=== Begin Enclosure ===

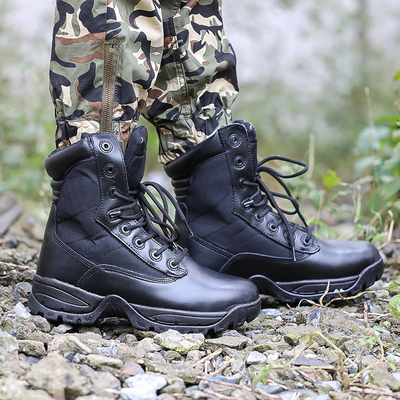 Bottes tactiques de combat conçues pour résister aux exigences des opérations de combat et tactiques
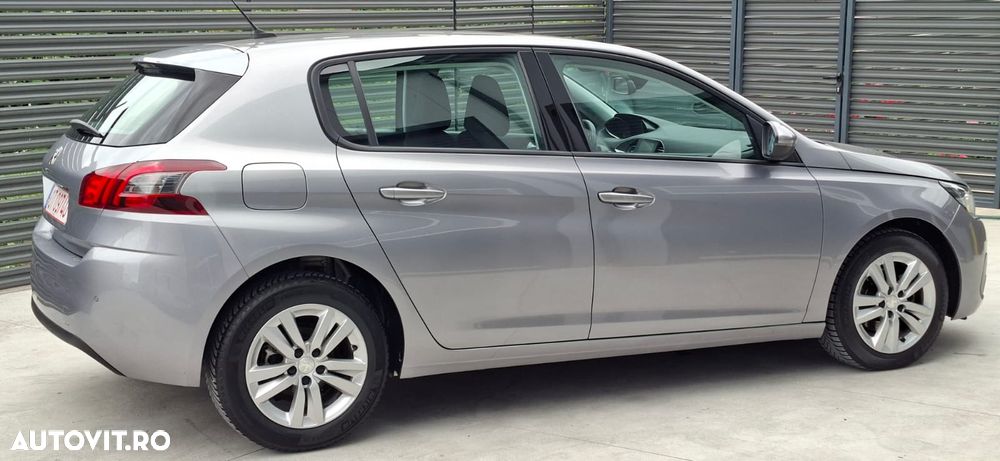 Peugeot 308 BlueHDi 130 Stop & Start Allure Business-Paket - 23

=== End Enclosure ===
=== Begin Enclosure ===

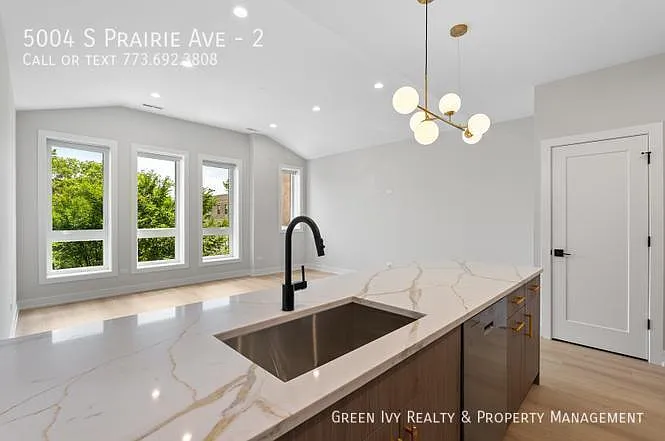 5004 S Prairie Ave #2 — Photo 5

=== End Enclosure ===

Required action:
All lines above starting at the one with "Bottes tactiques de" and ending at the one with "Peugeot 308 BlueHDi", inclusive, are to be printed again exactly, with the pictures left out.

Written solution:
 Bottes tactiques de combat conçues pour résister aux exigences des opérations de combat et tactiques
 Peugeot 308 BlueHDi 130 Stop & Start Allure Business-Paket - 23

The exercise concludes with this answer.